Defendants moved to disqualify Archer. They asserted that Dougherty had “knowledge of the trial strategy and defenses in the New York matter and ‘obtained confidential information about the Singer [d]efendants and . . . the defenses . . . they now assert in the pending matter.'” Defendants also contended that plaintiffs’ allegation that the present case was “strikingly similar” to the New York case “necessarily established” that the cases were “substantially related” for conflict purposes under Rule of Professional Conduct 1.9, which makes “substantially related” a key aspect of a disqualification motion.
The Law Division granted disqualification under Rule of Professional Conduct 1.10(b) because “Dougherty would possess confidential information relating to the New York litigation upon which plaintiffs here rely upon [sic] to the detriment of defendant[s].” That court also “judicially estopped” plaintiffs from “distanc[ing] themselves” from the allegation that the two cases were “strikingly similar.”
Plaintiffs appealed, and today the Appellate Division reversed. Judge Mawla observed that “[d]isqualification of counsel is a harsh discretionary remedy which must be used sparingly” and requires a “painstaking analysis of the facts.” The panel engaged in de novo review and found that the Law Division had erred.

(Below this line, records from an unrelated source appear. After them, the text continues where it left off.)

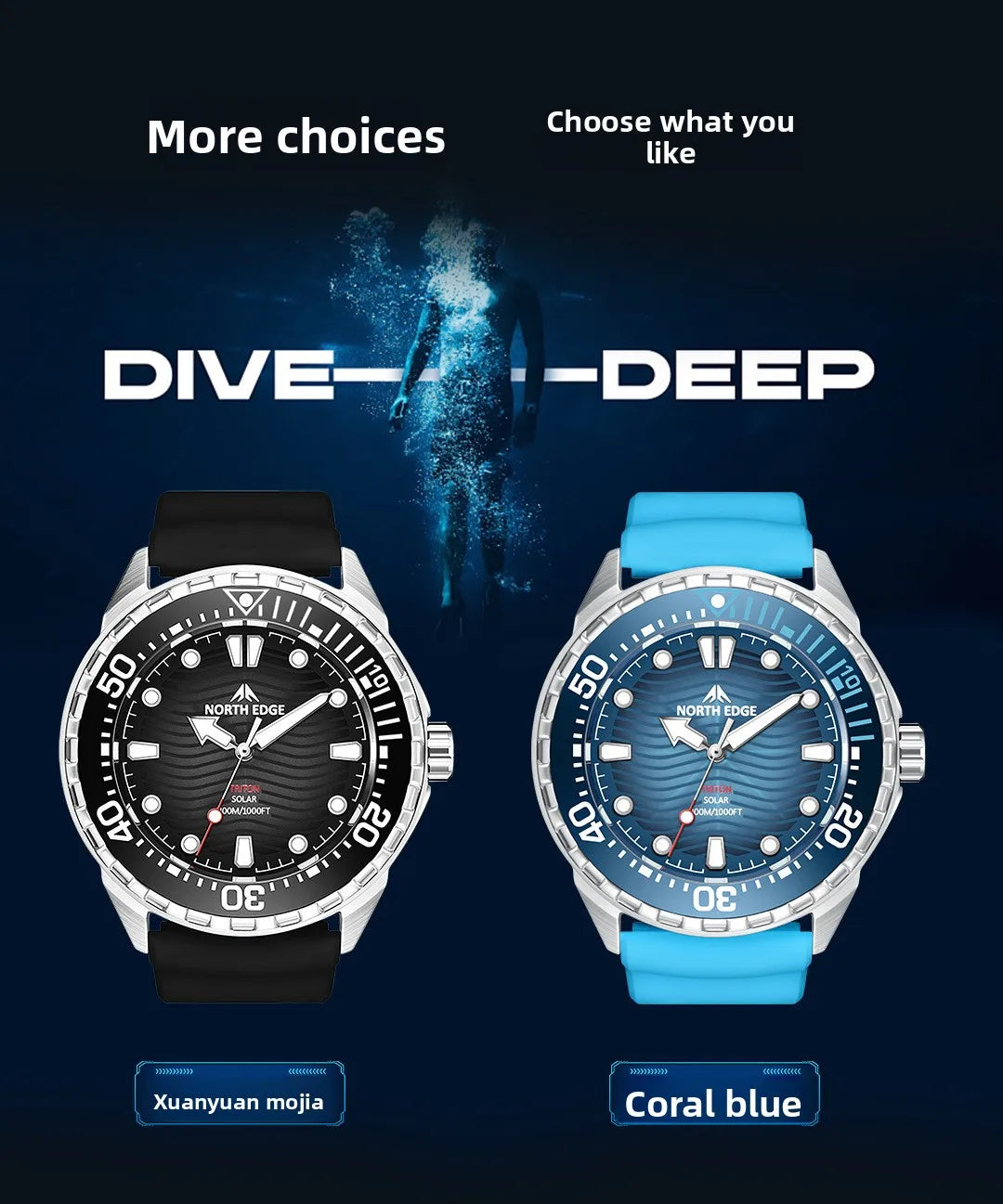 hot NORTH EDGE 2025 New TRITON Solar Powered Dive Watch Men Luxury Quartz Watches For Men 316L Stainless Steel Case Waterproof 3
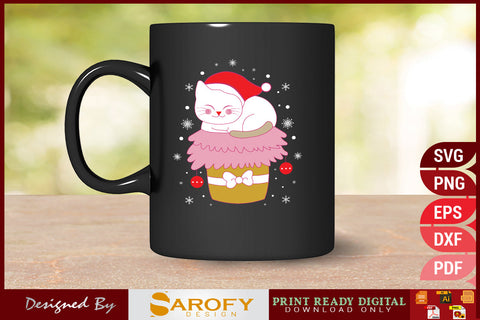 Vector Christmas gift box with a dog wearing Santa hat silhouette SVG SVG Sarofydesign 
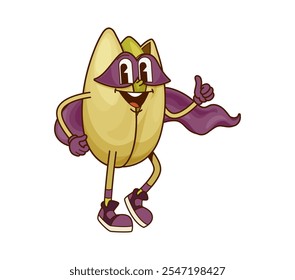 Personagem feliz de noz de pistache de super-herói groovy. mascote de vetor cômico retro de comida orgânica defensor, herói alegre de nozes de pistache personagem groovy ou personagem engraçado vestindo máscara e capa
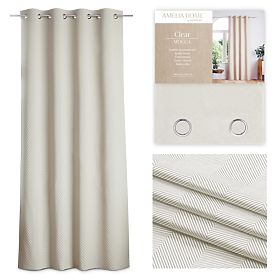 Vorhang CLEAR Farbe Cappuccino mit Boho-Stil Druckmotiv klassisch silberne Metallösen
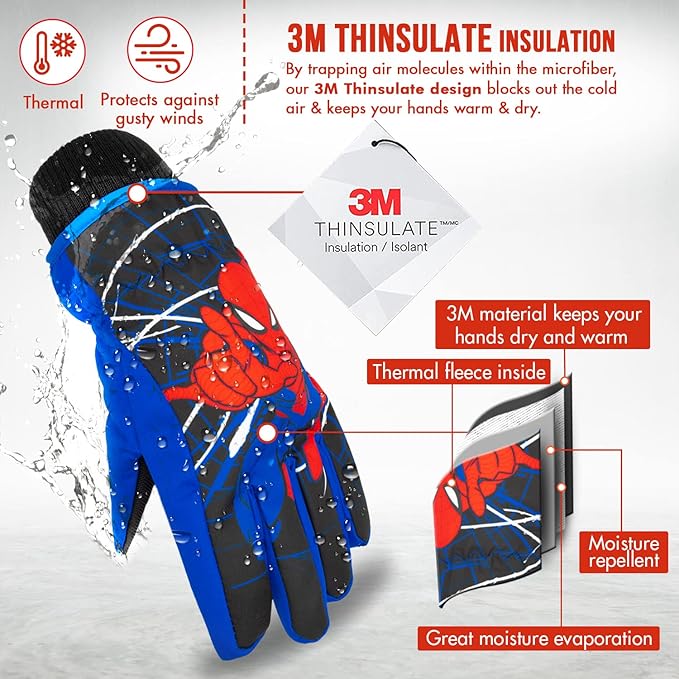 Spiderman Snow Gloves for Kids, Spider Man Toddler Gloves, 3M Thinsulate Waterproof Mittens, Kids Winter gloves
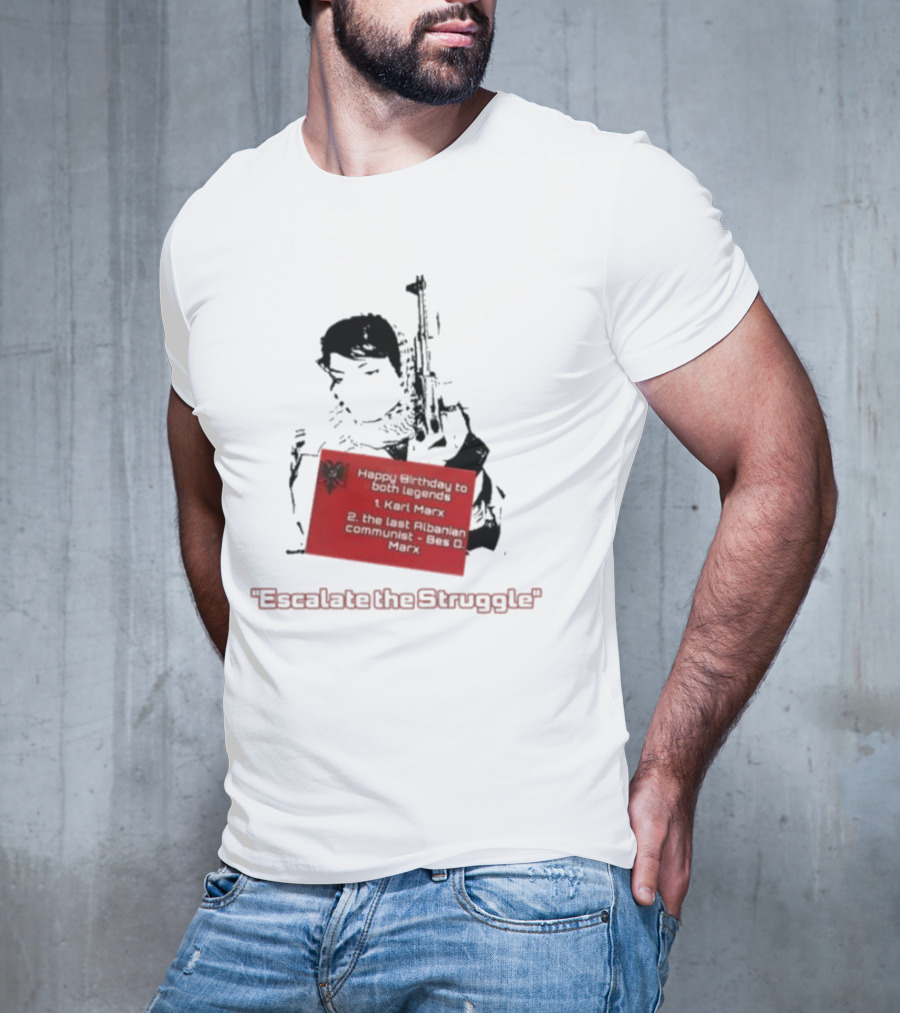 Happy Birthday To Both Legends: 1. Karl Marx 2. The Last Albanian Communist Beq O. Mark Escalate The Struggle T-Shirt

Plaintiffs argued that the Law Division should have applied the two-part test of Trupos v. Atlantic City, 201 N.J. 447 (2010). Judge Mawla quoted that test from Trupos as stating that matters are “substantially related” if “(1) the lawyer for whom disqualification is sought received confidential information from the former client that can be used against that client in the subsequent representation of parties adverse to the former client, or (2) facts relevant to the prior representation are both relevant and material to the subsequent representation.”

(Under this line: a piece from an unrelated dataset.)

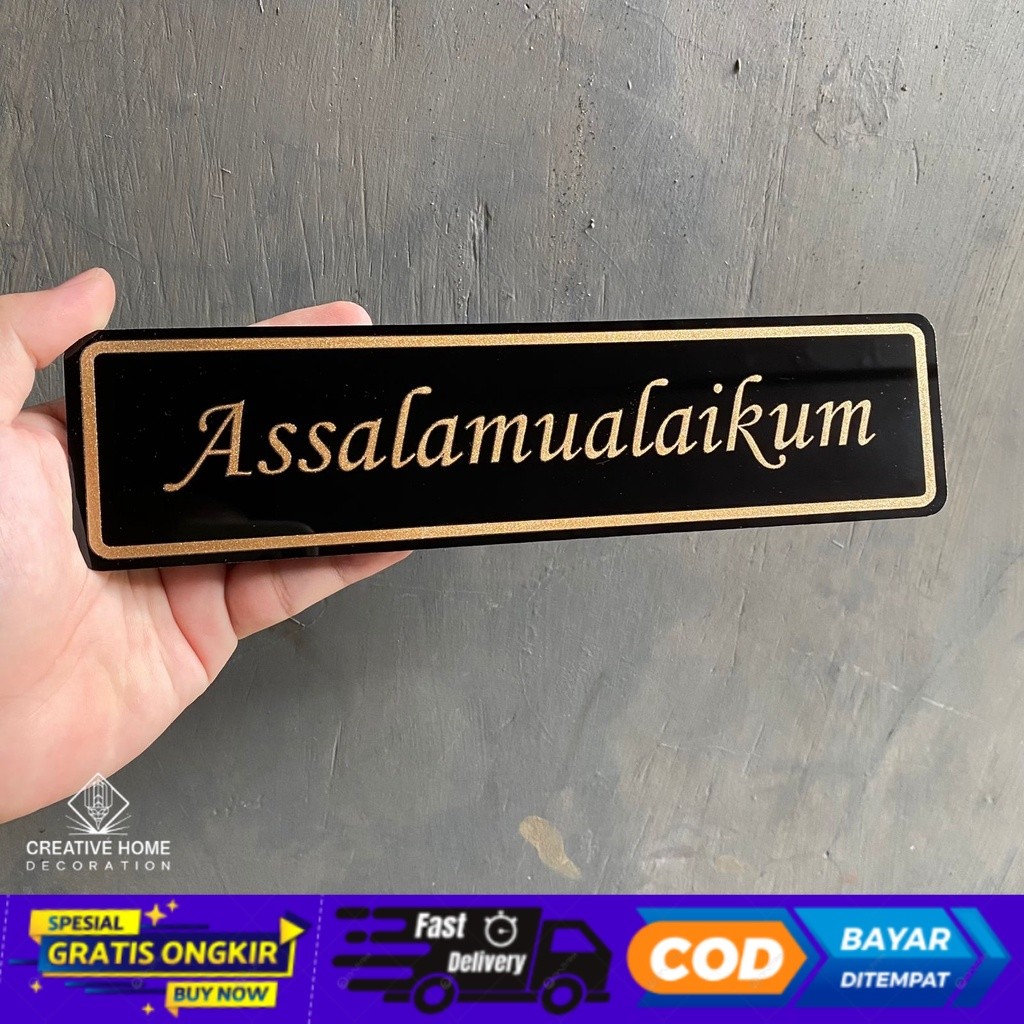TERMURAH - Hiasan akrilik tempel pintu rumah - Assalamualaikum - sign pintu 5x23cm depan signage acr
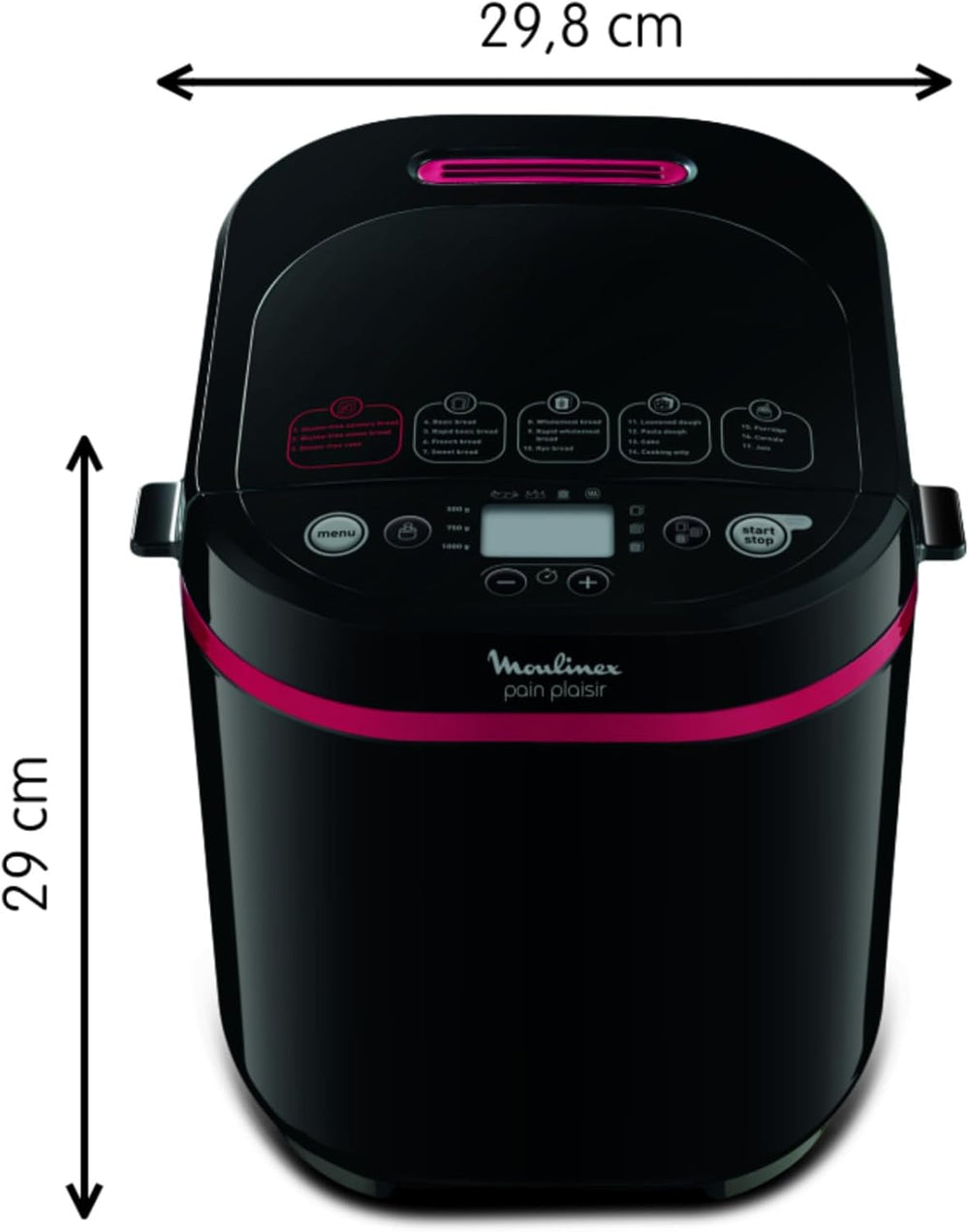 Moulinex OW220830 Bread Maker with 17 Programmes Plastic Black/Purple 31 x 29 x 29 cm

Judge Mawla found that defendants had not satisfied those standards. “To demonstrate a lawyer received confidential information from the prior relationship, the client must make more than ‘bald and unsubstantiated assertions’ that the lawyer disclosed ‘business, financial and legal information'” (quoting O Builders & Assocs., Inc. v. Yuna Corp. of N.J., 206 N.J. 109, 129 (2011)). Defendants did not offer specifics, and the Law Division did not explain what any confidential information that Dougherty had was, or what, if anything, he shared with Chewning.

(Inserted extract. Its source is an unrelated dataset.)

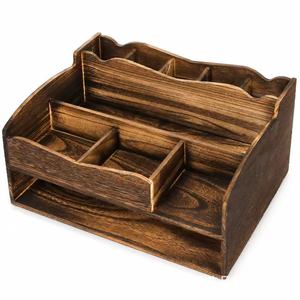 Boîte de rangement en bois pour l'exportation, boîte à cosmétiques en bois, boîte de rangement multi-compartiments pour papeterie et documents, rangement en bois massif - Product Image 5
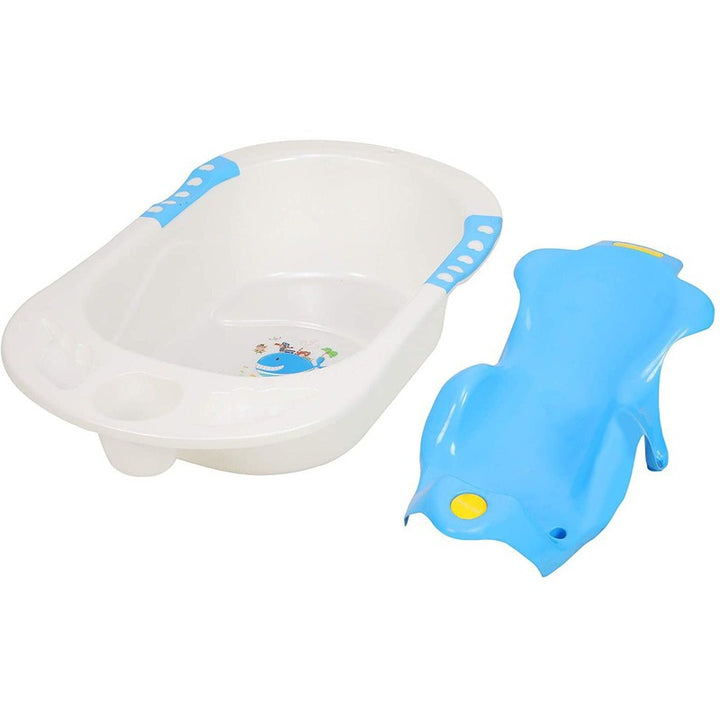 Plastic Bath Tub with Toddler Sling Seat - Blue (0-2 Years)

Defendants fared no better on the second prong of Trupos. “In this regard, the judge did not address the fact the New York case and this case concern different parties, subject matter, causes of action, and law, which would undermine the notion the matters are substantially related.”
Finally, Judge Mawla addressed estoppel issues. Judicial estoppel, cited by the Law Division, was inapplicable “because the doctrine applies when a party takes inconsistent positions in separate proceedings.” Plaintiffs were not party to the New York action, so they did not take any inconsistent position.
To the extent that defendants were actually relying on equitable estoppel, that argument did not avail either. Equitable estoppel requires reliance on the opposing party’s conduct, to the detriment of the relying party. Judge Mawla found no such thing. “This case was in the initial pleadings stage and the record does not support the conclusion the allegations in the complaint induced reliance by or caused defendants to change their position to their detriment requiring the imposition of equitable estoppel to prevent an injustice. Defendants’ denial of the [“strikingly similar”] allegations in paragraph ten of the complaint would be consistent with their defense.”
Accordingly, the panel remanded the matter for further fact-finding. Judge Mawla stated that if the Law Division “finds there are insufficient facts to make a determination, he should order discovery and if necessary, hold a plenary hearing to develop the record before deciding the disqualification motion.”